MicroRNAs regulate many biological function, including cell growth, differentiation and apoptosis. Because of their existence in almost all body fluids, microRNAs are thought of as new non-invasive biomarkers [4]. Studies have reported that miRNAs play a crucial role in the occurrence and development of OVC [5, 6]. In addition, several studies have demonstrated that miRNAs could be used as independent prognostic markers of patients with OVC [7, 8]. However, the prognostic value of a single microRNA is limited. It would be possible to identify a integrated signature with higher accuracy by combining multiple factors and proposing prognostic criteria [9, 10].

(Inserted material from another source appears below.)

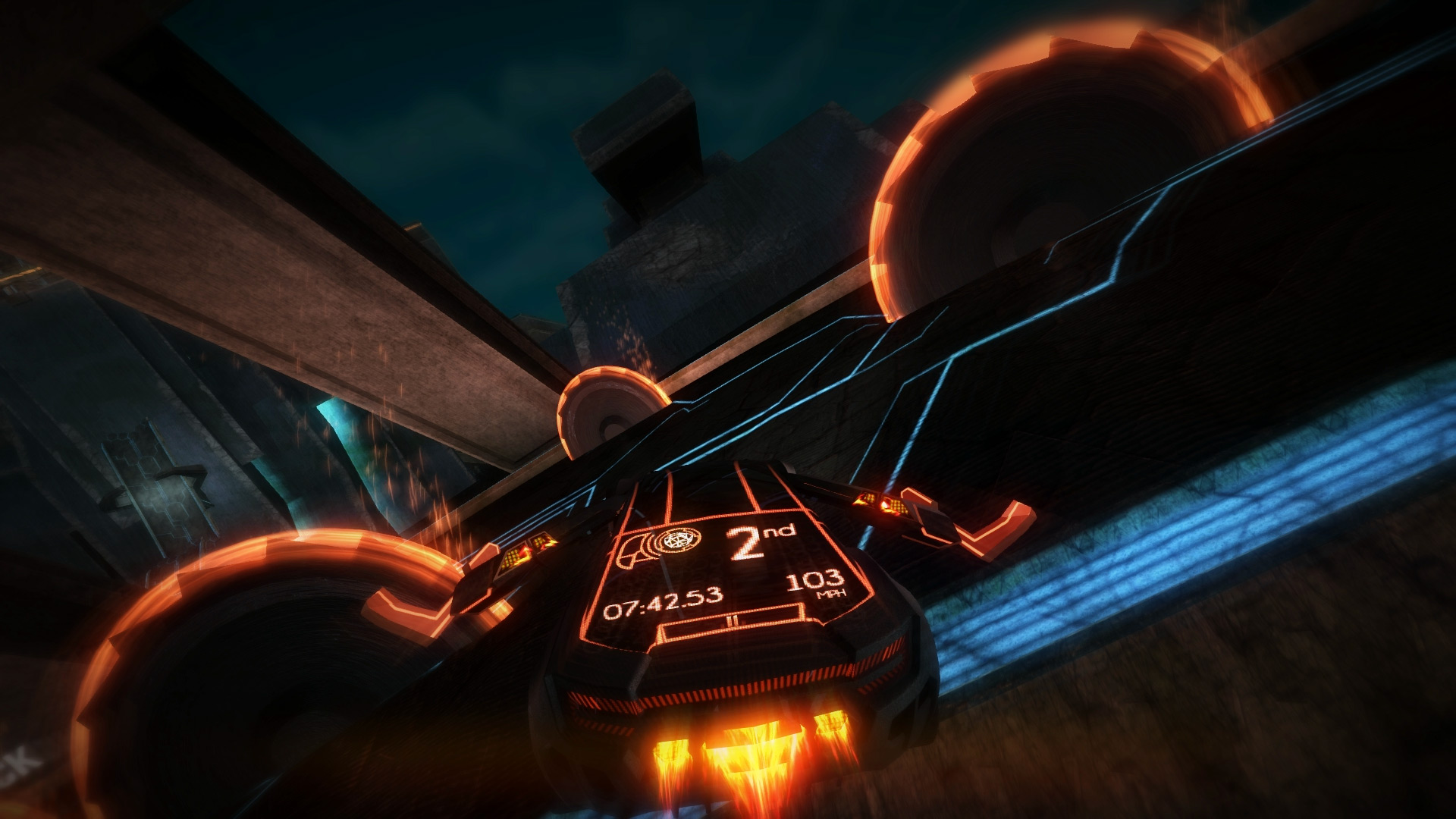Jeu : Distance - Multi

Recently, bioinformatics tools facilitates the identification of more potential prognostic biomarkers by mining data about mRNA, microRNA and long non-coding RNA. Lu et al. constructed a seven-miRNA-based prognostic signature for predicting the OS of patients with head and neck squamous cell carcinoma [11]. Wei et al. established a model based on nine-immune-related long non-coding RNAs using integrated bioinformatics analysis, which exhibited credible predictive power for the prognosis of pancreatic cancer [12]. Several signatures based on multiple microRNAs have been reported to predict the prognosis of OVC [13, 14]. However, these studies were based on a limited number of patients, or were only applicable for certain specific subgroups. Therefore, there is a need to develop a more effective and robust prognostic signature to provide guidance for the management of patients.

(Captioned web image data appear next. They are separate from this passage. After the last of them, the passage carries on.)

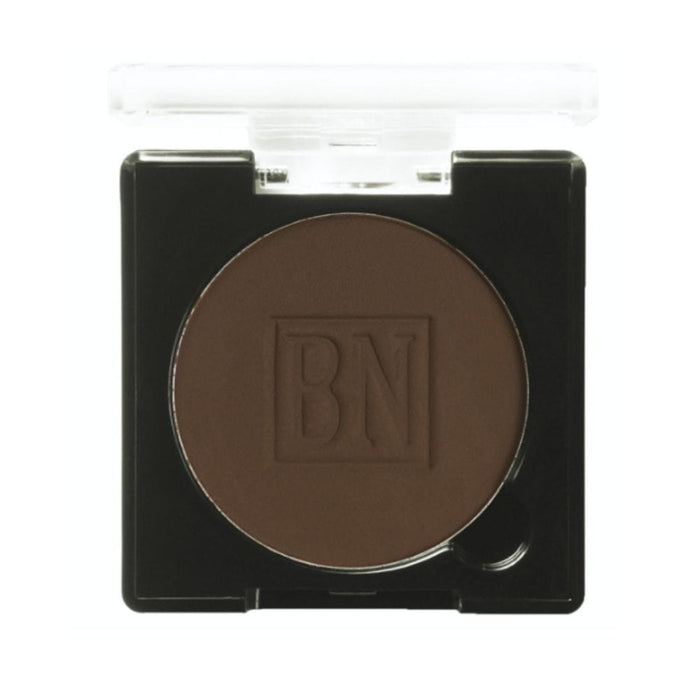 Ben Nye Pressed Eye Shadow ES-595 Black Brown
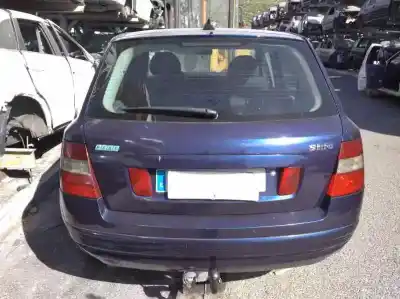 Scrapping Vehicle fiat stilo (192) 1.9 jtd cat of the year 2003 powered 192a1000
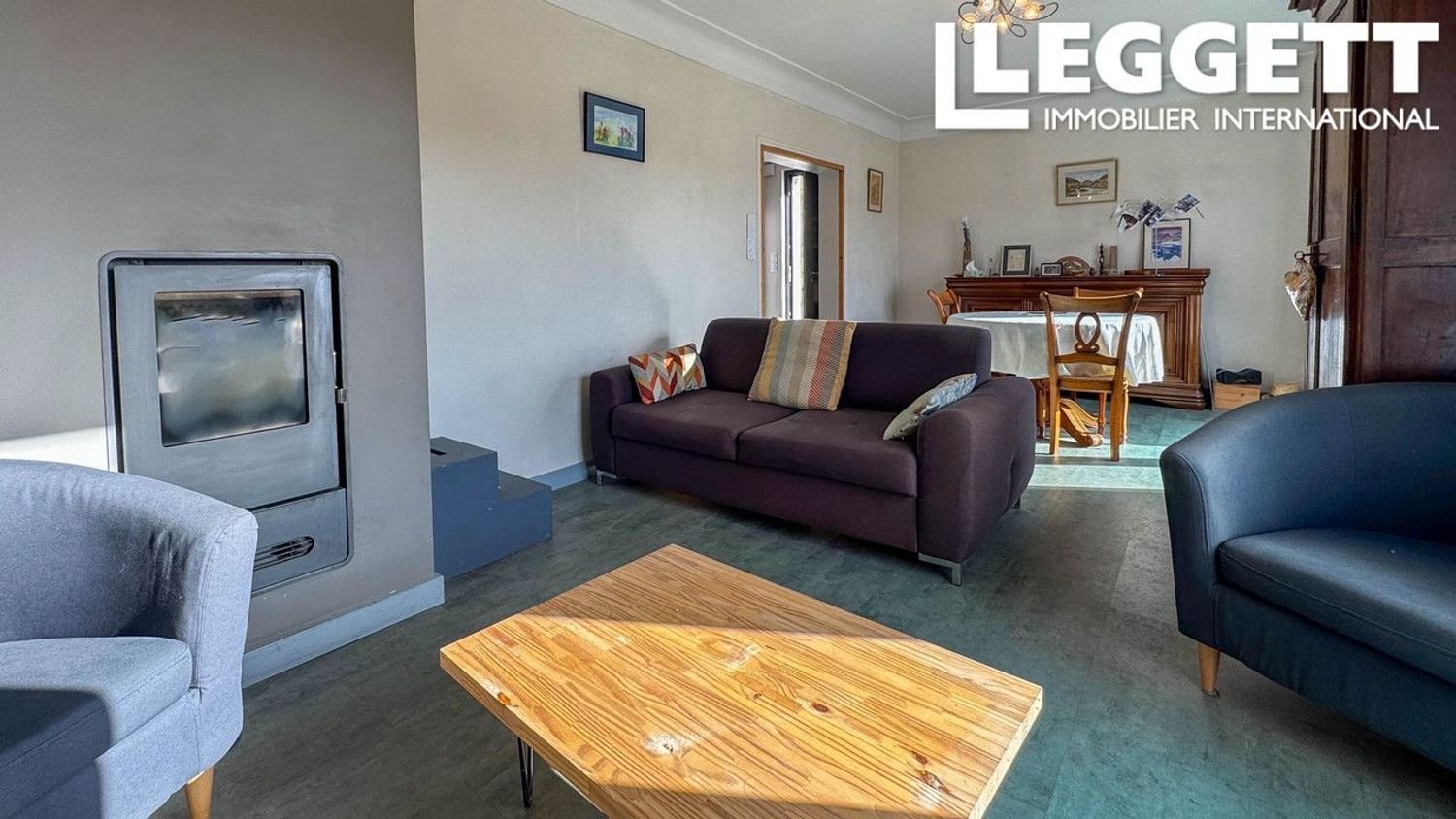 Maison à vendre, 100m², Cazes-Mondenard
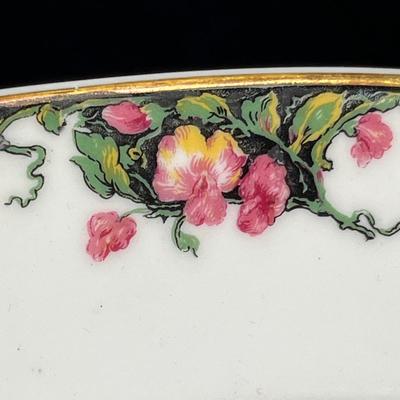Lot 110 Haviland Limoges Platters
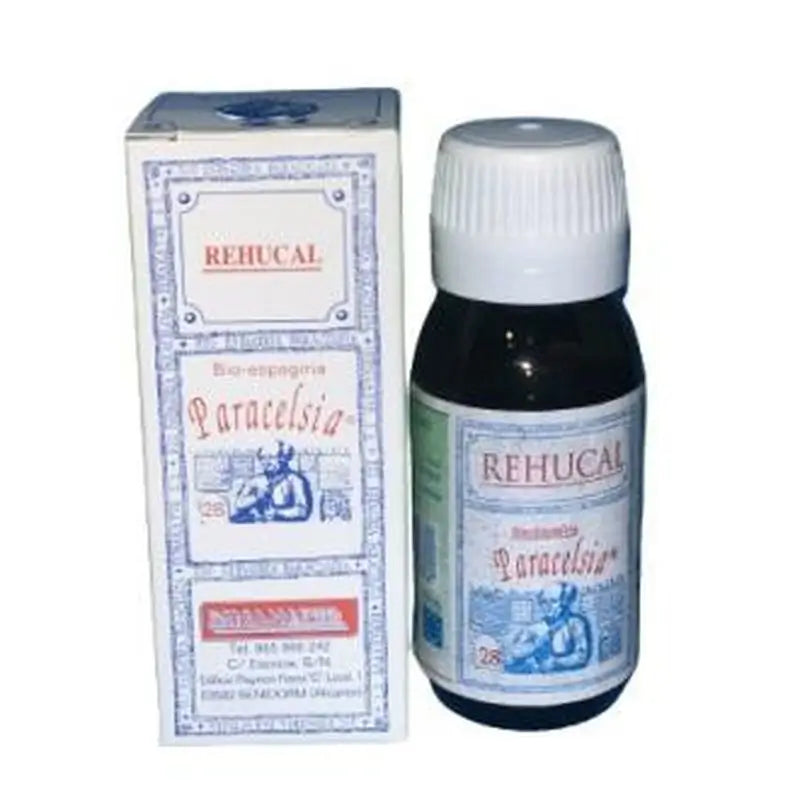 Paracelsia Paracelsia 28 Rehucal 50Ml.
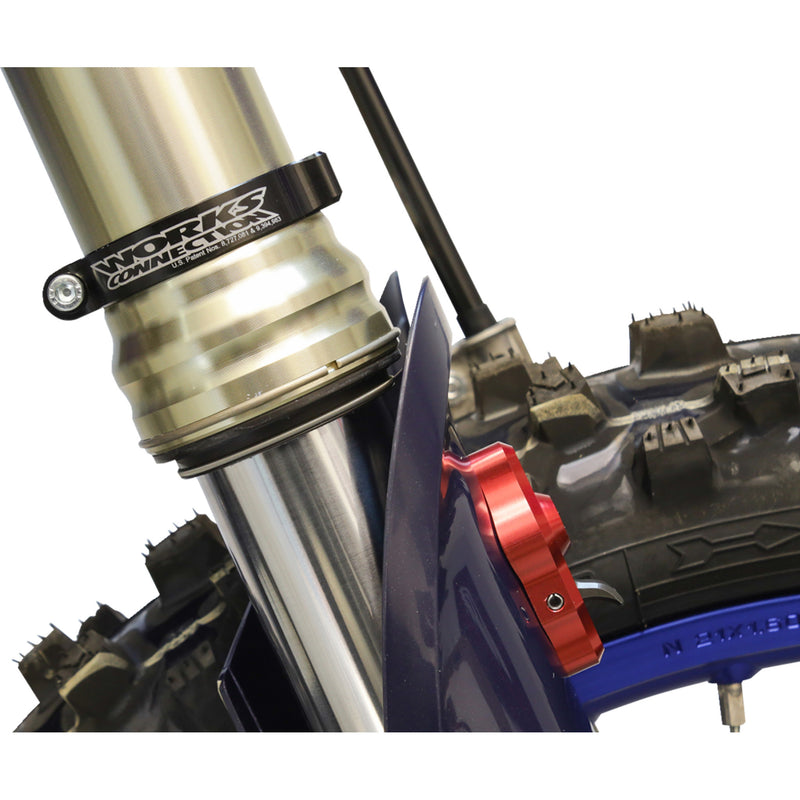Works Connection For Yamaha Launch Control - 12-417 Yamaha YZ 450 / YZ 250 2023-2026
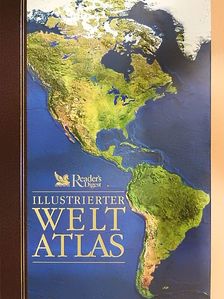 Reader's Digest Illustrierter Weltatlas [antikvár]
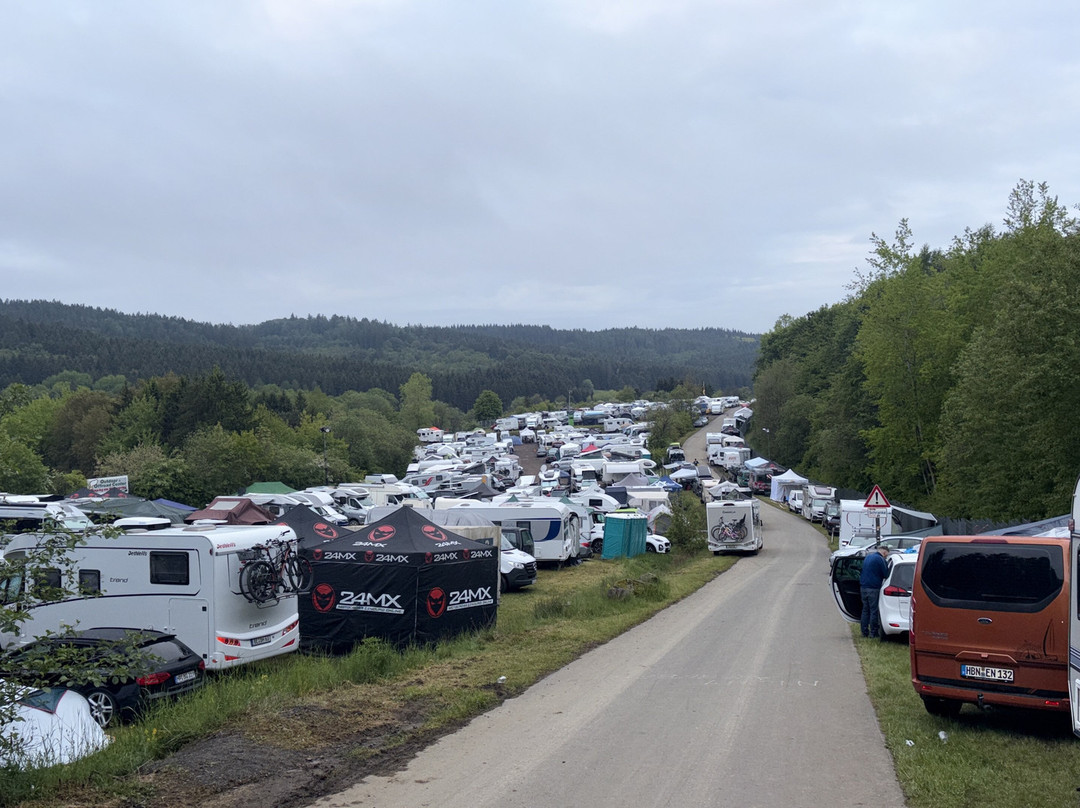 Nurburgring-Nuerburg必去景点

In this study, we comprehensively analyzed The Cancer Genome Atlas (TCGA) database to develop a new prognostic microRNA signature, and then established a novel risk score system that was capable of predicting the overall survival (OS) for OVC patients. In addition, we use clinical samples verify the prognostic value of the miRNA-based signature. The risk score system that is based on multiple microRNA signatures might provide novel insights into prognostic stratification and individualized management of OVC patients.

Materials and methods

Data processing

Level 3 OVC microRNA sequencing (microRNA-seq) data and corresponding level 1 clinical data relating to TCGA-OVC were downloaded by the UCSC Xena browser (https://xenabrowser.net/). Figure 1 shows a flowchart for the study procedure. Our study included 2166 microRNA expression profiles from samples acquired from 485 patients and clinical follow-up data of 630 patients. Combining these two datasets by intersection, we obtained 2166 microRNA expression profiles from the samples of 467 patients. 755 of the microRNAs were abundantly expressed by obtaining the microRNA expression profiles. We defined a microRNA as being abundantly expressed when it matched two criteria: 1) expression level was above 0; and 2) the microRNA appeared in more than 50% of all specimens.

Fig. 1
figure 1

Flow chart showing the procedures involved in this study

The identification of microRNAs that are related to prognosis

We identified microRNAs that were significantly associated with OS by using univariate cox proportional hazard (CoxPH) regression analysis [15]. In order to identify a robust panel of microRNAs with the best prognostic ability and the minimum number of microRNAs, we performed a robust likelihood-based survival analysis (RSLA) [16]. A panel of microRNAs were selected by using the Akaike information criterion (AIC) value as a cut-off value. For convenience, N is used to refer the sample size of the training cohort. Then, the algorithm of the RSLA is summarized as follows:

  1. (1)

    Divide the training cohort again into a sub-training cohort with 2 N/3 samples and a sub-validation cohort with N/3 samples randomly. And then calculate the likelihood value, loglik*, which is a goodness-of-fit, for each microRNA.

  2. (2)

    Repeat the above step 10 times. In other words, the cross-validation is repeated 10 times independently. Thus, 10 loglik* values are yielded for each microRNA. Then calculate the meanloglik* value for each microRNA. The microRNA with the largest mean loglik* value is selected as the best microRNA, g (1).

  3. (3)

    Each two-microRNA model always including the best microRNA,g (1) is tested to find out the next best microRNA, g (2).

  4. (4)

    Continue the above steps, we can obtain a series of K models M1 = g (1), M2 = g (1) + g (2), …, MK-1 = g (1) + g (2) + … + g(K-1), MK = g (1) + g (2) + … + g(K)..

  5. (5)

    Compute the AIC value for each model, and the model with smallest AIC is selected as an optimal model. The AIC value is calculated as -2loglik* + 2 K.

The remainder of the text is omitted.